WHAT YOU ARE ASKED TO DO :: Restate every entry verbatim; drop the pictures.

#####

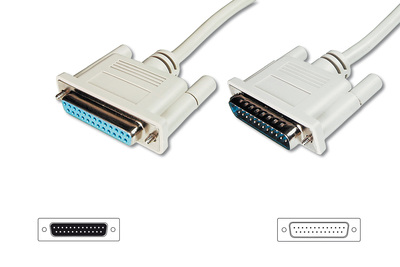 [AK-610201-030-E] DIGITUS Datentransfer Verlängerungskabel, D-Sub25/St - D-Sub25/Bu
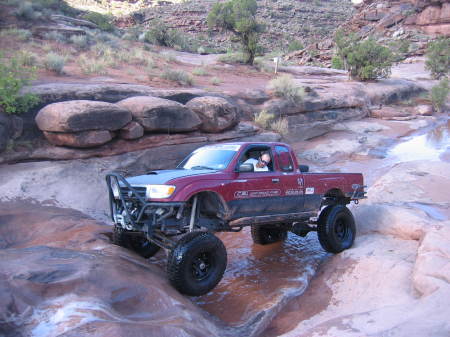 Our "toy" in beautiful Moab.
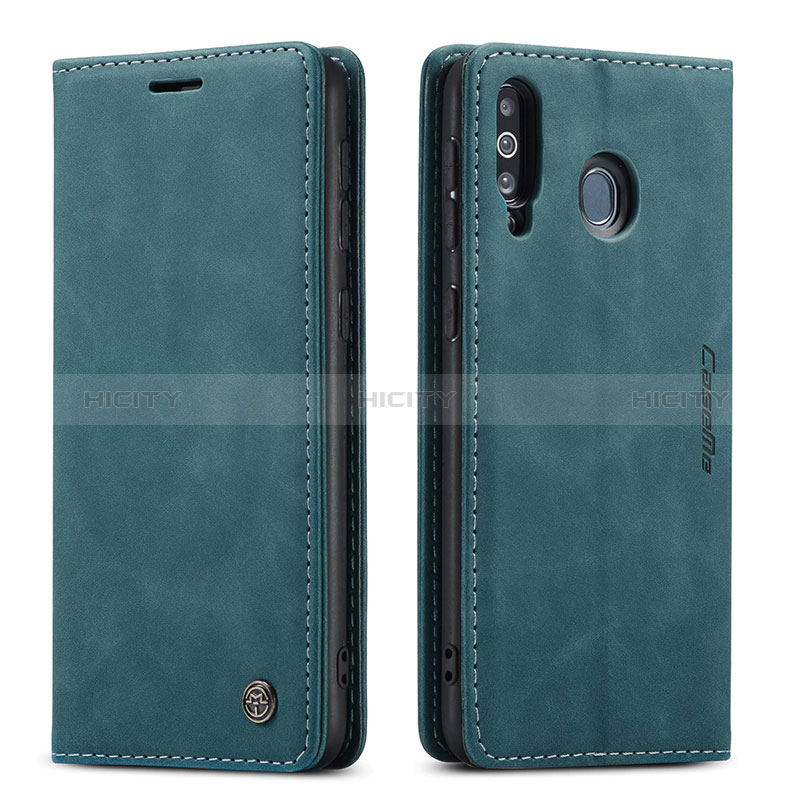 Funda de Cuero Cartera con Soporte Carcasa C01S para Samsung Galaxy M30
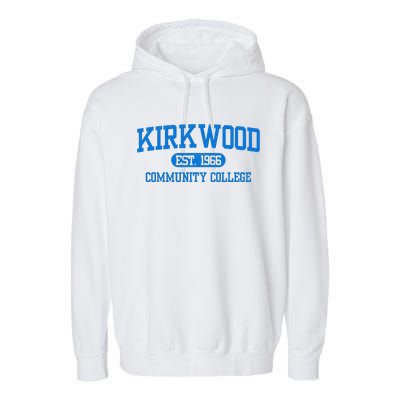 Kirkwood Community Vintage Arch College Garment-Dyed Fleece Hoodie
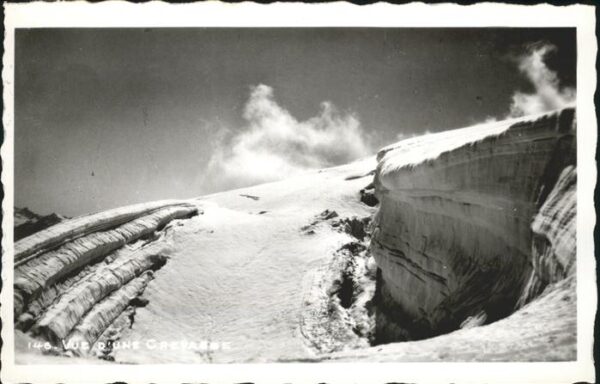 Gletscher Vue d_une cravasse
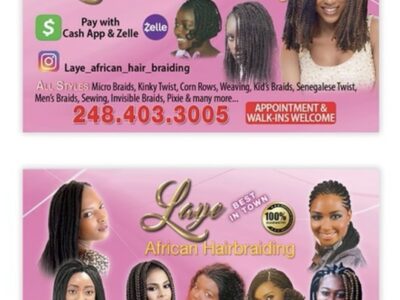 Laye African hair braiding LLC
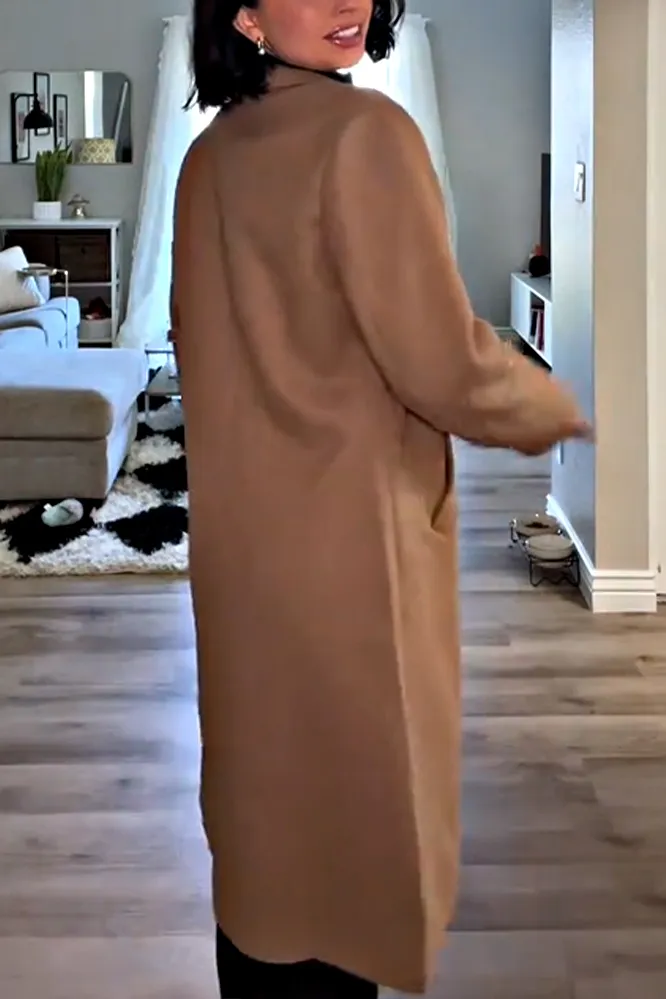 Women's solid color casual coat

#####

TASK OUTPUT ::
 [AK-610201-030-E] DIGITUS Datentransfer Verlängerungskabel, D-Sub25/St - D-Sub25/Bu
 Our "toy" in beautiful Moab.
 Funda de Cuero Cartera con Soporte Carcasa C01S para Samsung Galaxy M30
 Kirkwood Community Vintage Arch College Garment-Dyed Fleece Hoodie
 Gletscher Vue d_une cravasse
 Laye African hair braiding LLC
 Women's solid color casual coat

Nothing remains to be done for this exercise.